**Directions for this task**.
Repeat word for word the lines from the one containing "816 Hillcrest Drive, Arlington, TX 76010" to the end of the material below, and leave all pictures out.

─── The data

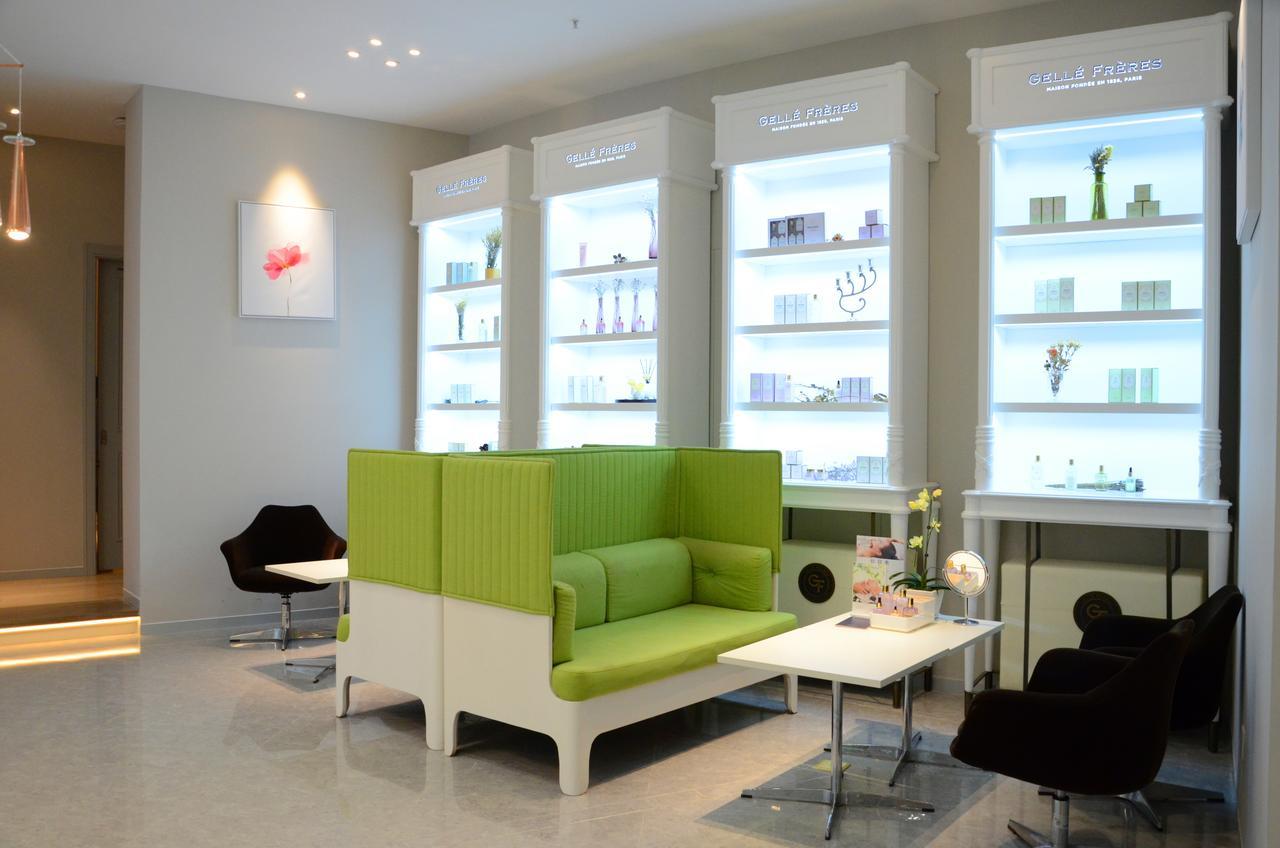 Howard Johnson Flower City Hotel 昆明 エクステリア 写真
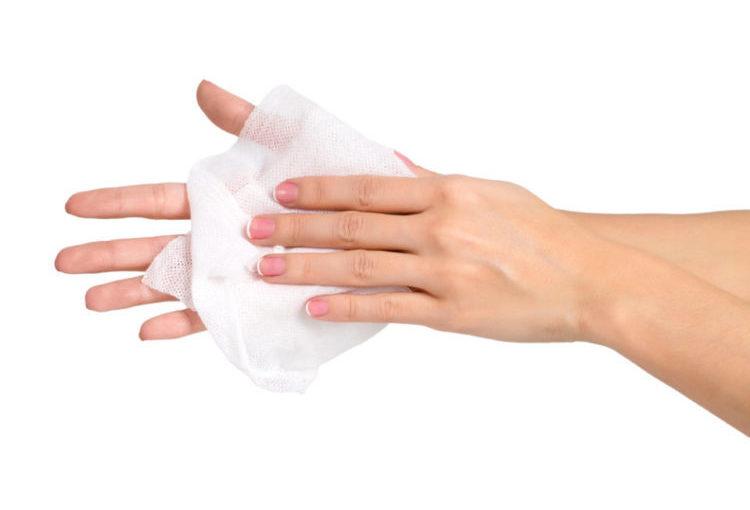 Bạn nên lau tay bằng khăn giấy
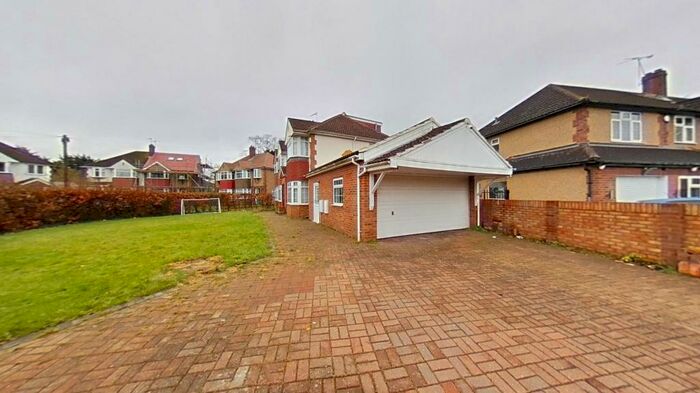 6 Bedroom Semi-Detached House To Rent In Bannister Close, Slough, SL3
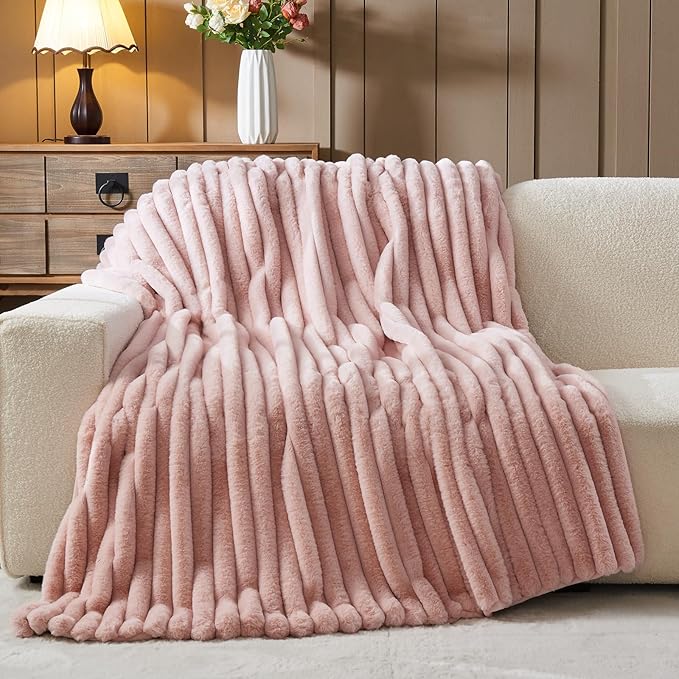 NEWCOSPLAY Faux Fur Throw Blanket Pink 3D Ribbed Plush Thick Warm Blanket for Couch Sofa Bed 850GSM (Pink Ribbed, Throw(50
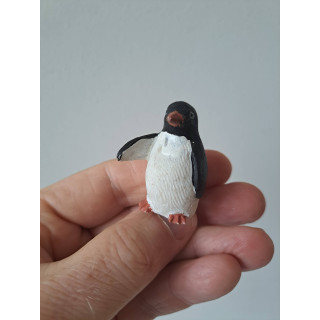 Pinguïn van kunsthars met een vleugel vooruit 3x3x4.5cm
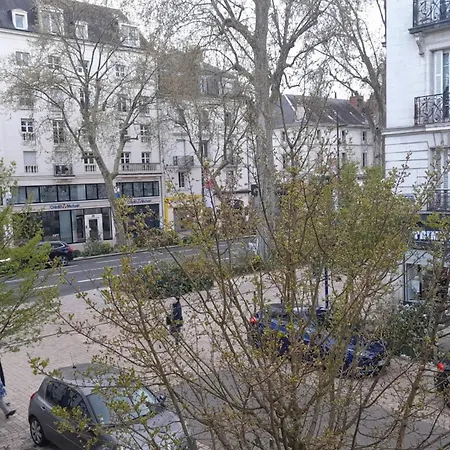 Chez Eric Le N2 * Τουρ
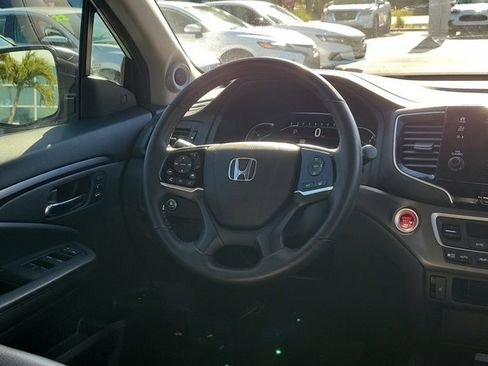 Certified 2022 Honda Pilot Special Edition image 3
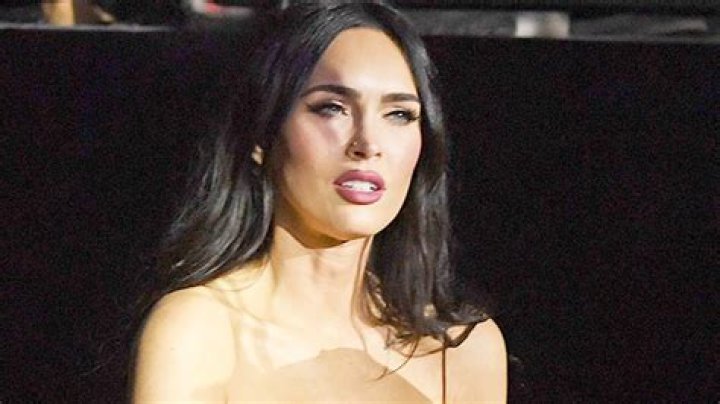 Megan Fox’s Colorful Mini Dress At MGK’s Concert: Photos – Hollywood Life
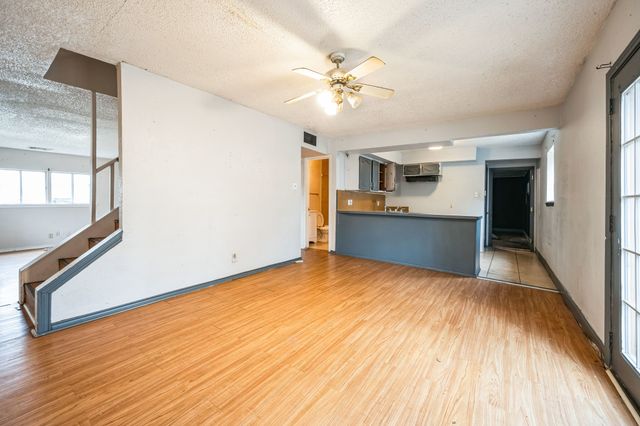 816 Hillcrest Drive, Arlington, TX 76010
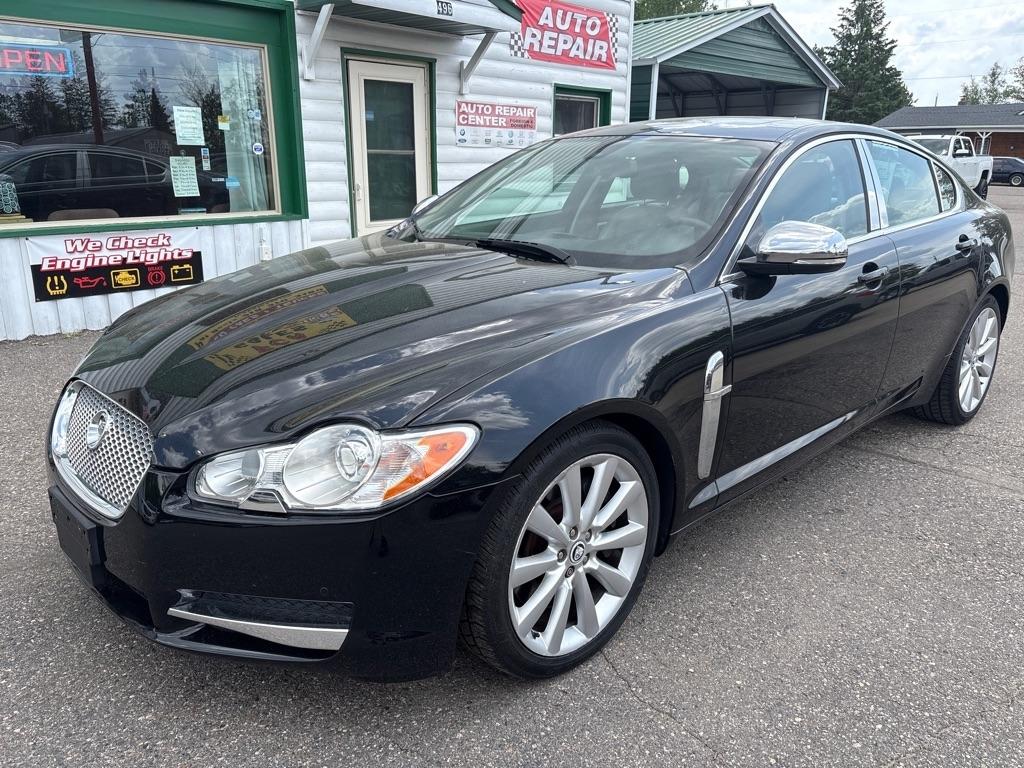 Jaguar XF  2010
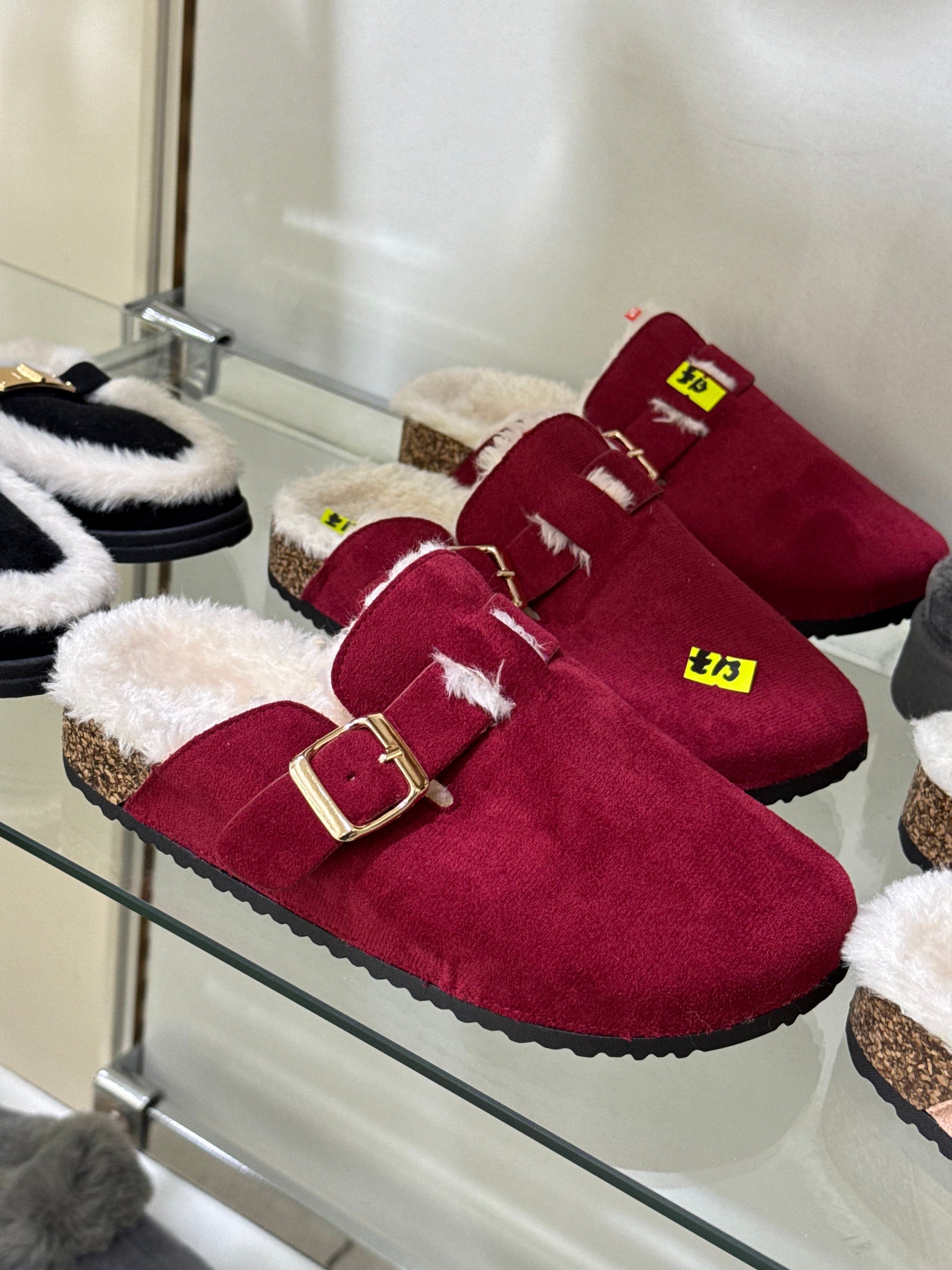 Faux fur lined sliders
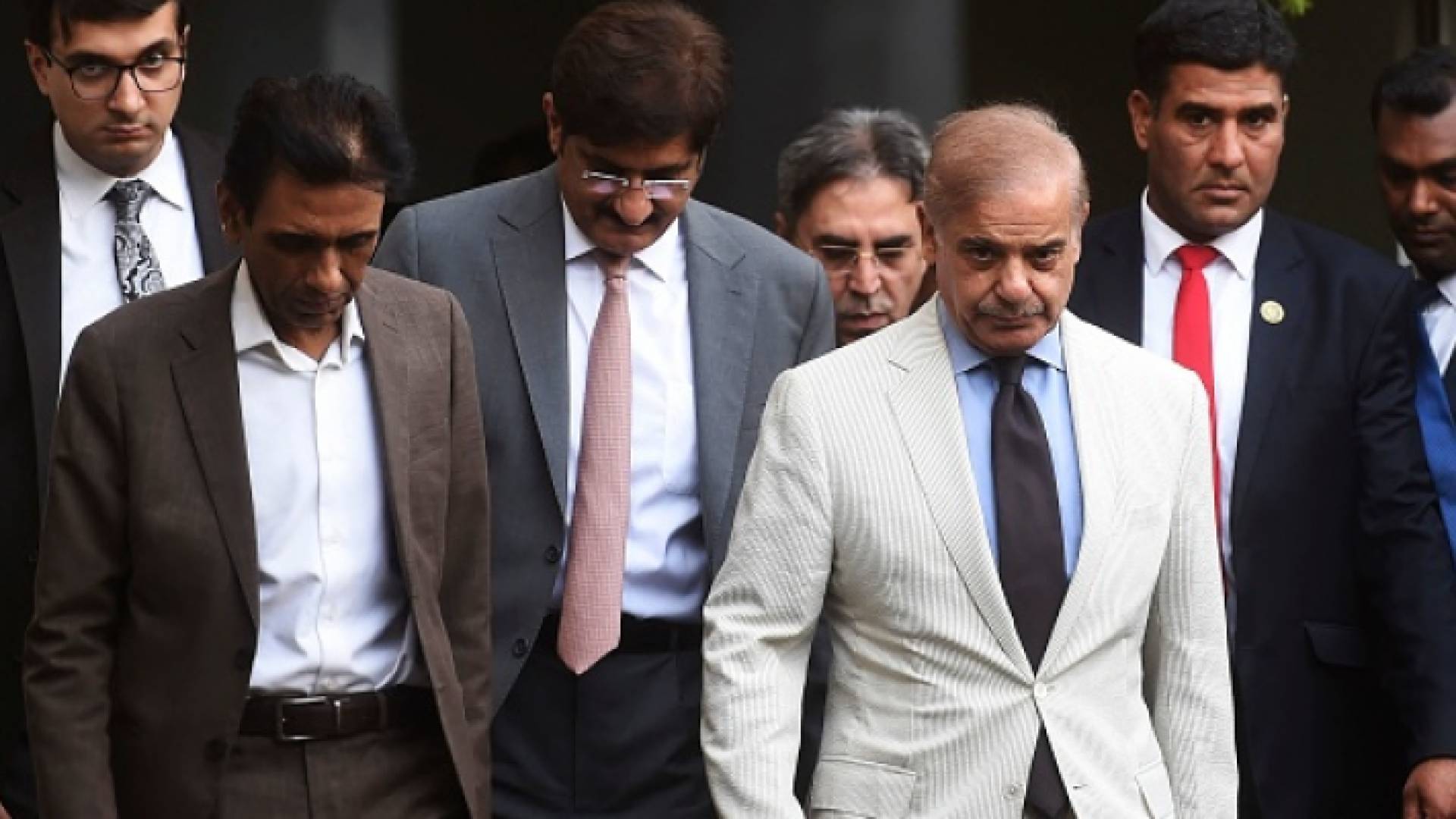 باكستان.. حكومة شهباز شريف تؤدي اليمين الدستورية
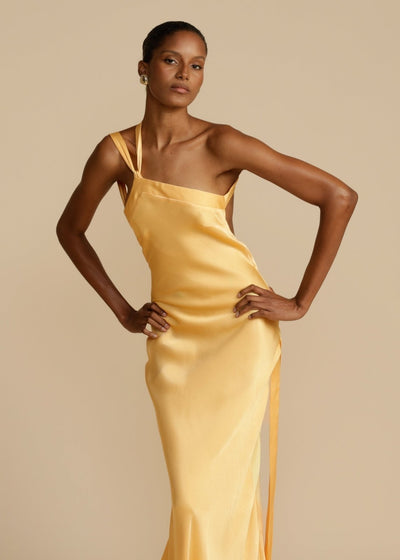 Sukienka maxi Rosea Silk z eleganckimi ramiączkami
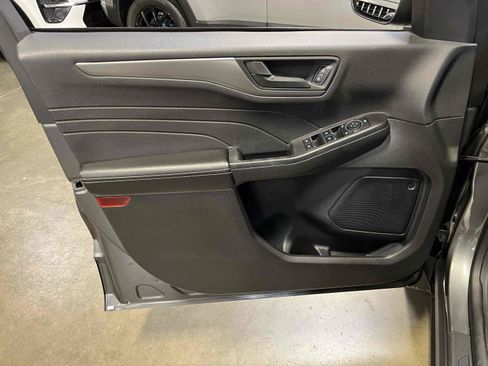 Used 2023 Ford Escape Active FWD image 76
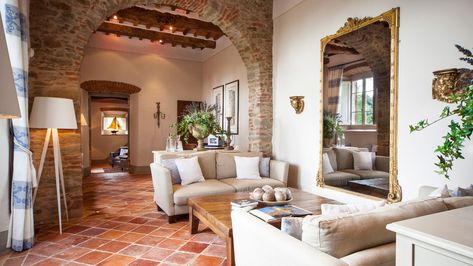 Tuscany House Interior, Tuscany Interior Design, Tuscany Interior, Modern Tuscany, Cortona Tuscany, Tuscany House, Home In Italy, Villa Toscana, Villa Living Room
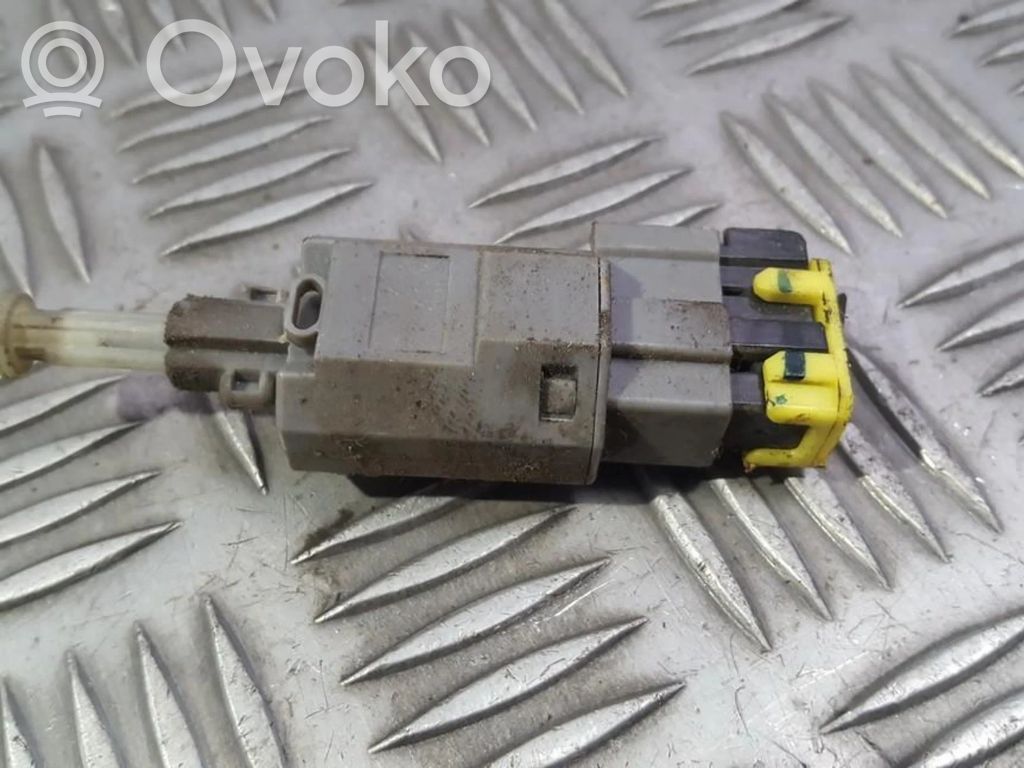 Mazda 626 Interruttore del pedale del freno 
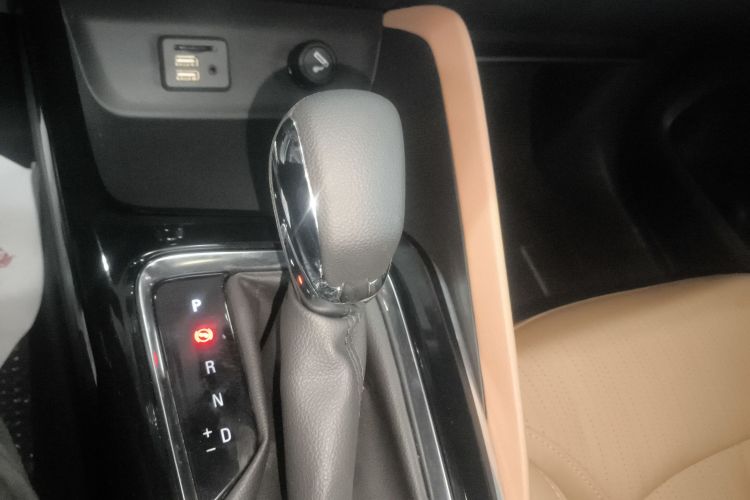 别克GL6 2021款 323T 轻混动互联豪华型中控内饰18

──────

**Answer for this exercise**.
 816 Hillcrest Drive, Arlington, TX 76010
 Jaguar XF  2010
 Faux fur lined sliders
 باكستان.. حكومة شهباز شريف تؤدي اليمين الدستورية
 Sukienka maxi Rosea Silk z eleganckimi ramiączkami
 Used 2023 Ford Escape Active FWD image 76
 Tuscany House Interior, Tuscany Interior Design, Tuscany Interior, Modern Tuscany, Cortona Tuscany, Tuscany House, Home In Italy, Villa Toscana, Villa Living Room
 Mazda 626 Interruttore del pedale del freno 
 别克GL6 2021款 323T 轻混动互联豪华型中控内饰18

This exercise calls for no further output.